Çizgiler üzerinde bir yolculuk
Ne güzel olurdu kendimize bir dünya çizmek. Kendi ellerimizle, özgürce. İstediğimiz gibi… Üstelik sadece mor bir tebeşirle!

Bazen unuturuz hayal kurmayı bile. Ancak rüyalarımız bize hatırlatır gerçek dünyanın dışında bir yerler olduğunu, sadece bizim zihnimizin içinde. Tek gerekli olan o yolculuğa çıkmaya cesaret edebilmek.

Bazen bir kitap götürür bizi başka diyarlara bazen de bir müzik.

Bir çocuk içinse her gün hayal gibidir. Dünya zaten bir oyun alanı değil midir?

Hayatta zorluklarla karşılaşırız, istemediğimiz şeyler karşımıza çıkar ve hayatımızı değiştirir. Alın yazımız yazılmış, yolumuz çizilmiş gibi hissederiz. Sonra da ne yazık ki karşımıza çıkan şeylere yön verme gücünün elimizde olduğunu unuturuz. Peki ya o çizili yolun üstüne, biz de elimize mor tebeşiri alıp başka bir yol çizemez miyiz? Neden olmasın ki?

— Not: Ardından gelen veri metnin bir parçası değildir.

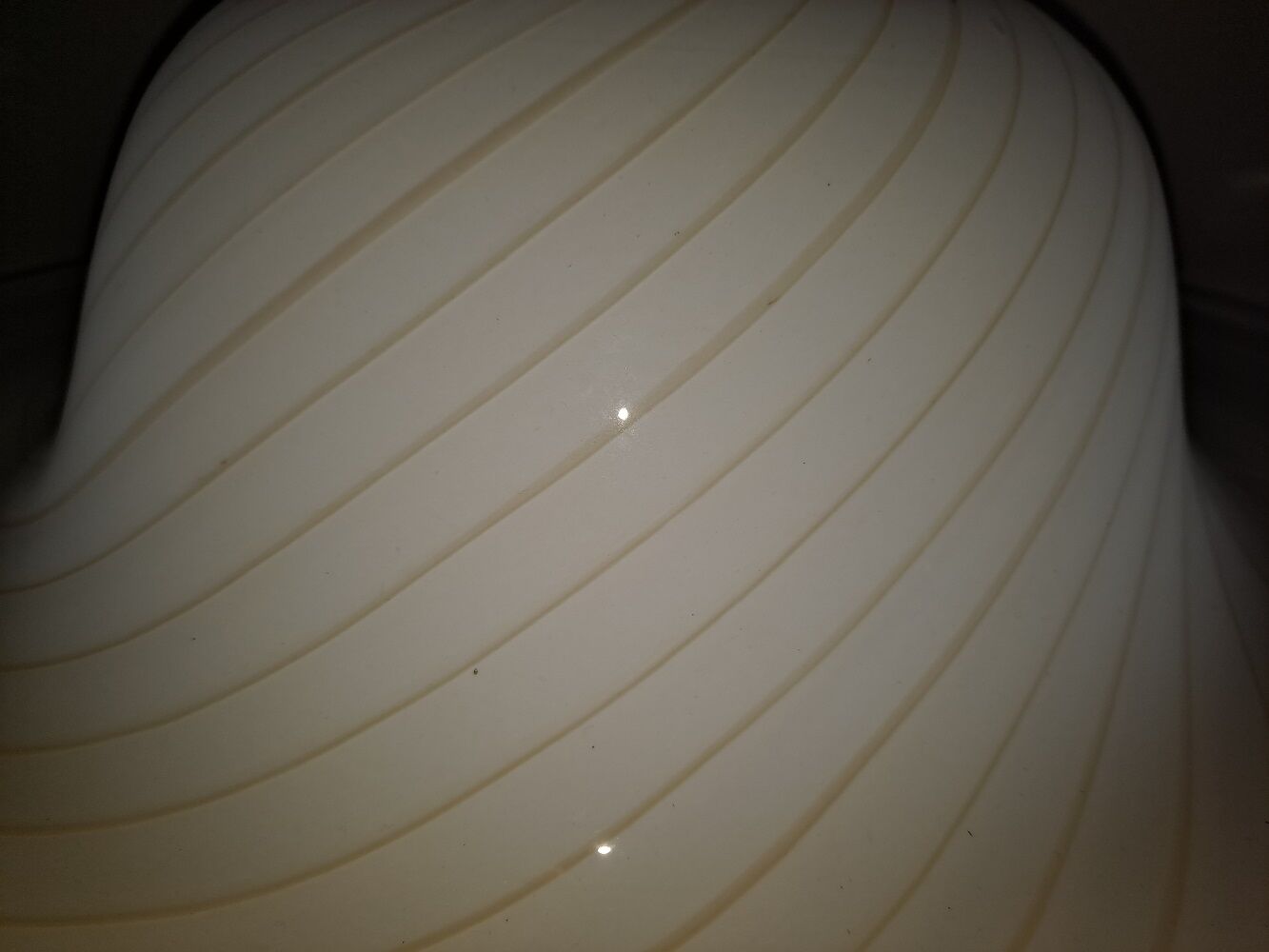 Xxl white swirl ceiling lamp murano vintage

Mutlu olmayı bilen için zihin boş bir tuvaldir. Hayal gücü de gerekli olan tek malzeme. Heyecanlı, serüven dolu ve gizemli bir resim çizmek böyle kolaydır işte, çizmek isteyene.

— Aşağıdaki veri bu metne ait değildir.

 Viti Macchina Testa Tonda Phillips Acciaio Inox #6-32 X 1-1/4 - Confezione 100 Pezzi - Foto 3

Çoğu zaman unutsak da bizi bir kendimize bıraksalar hepimizin içinde ne cevherler saklıdır aslında.

İşte bu renkli kitabın minik kahramanı Harold da esasında hepimizin elinde olan ama kullanmayı unuttuğu bu tuvali kullanıyor çizmek için. Hayal gücünün temsili ise elindeki mor tebeşiri.

Bir gün uyanıp ya dünyadan sıkıldığından ya da sırf eğlence peşinde olduğundan bu boş ve bembeyaz tuvalin içinde bulur kendini. Ancak bu uçsuz bucaksız dünyaya girmek kolay olsa da çıkmak öyle kolay değildir. Bunun sebebiyse hiç ardı arkası kesilmeyen bir bilinmezliğin onu beklemesi. Hem böyle farklı bir yere gelmişken biraz da keyfini çıkarmalı, öyle değil mi? Okurun şansına hem afacan hem de yaratıcı olan Haroldımız başlar aklından geçeni mor çizgilerle resmetmeye bu sayede de serüvenini çizmeye. Saraylar, krallar, yıldızlar, yollar, çiçekler, yağmurlar ve daha birçoğu peşi sıra dizilir hikâyenin içinde.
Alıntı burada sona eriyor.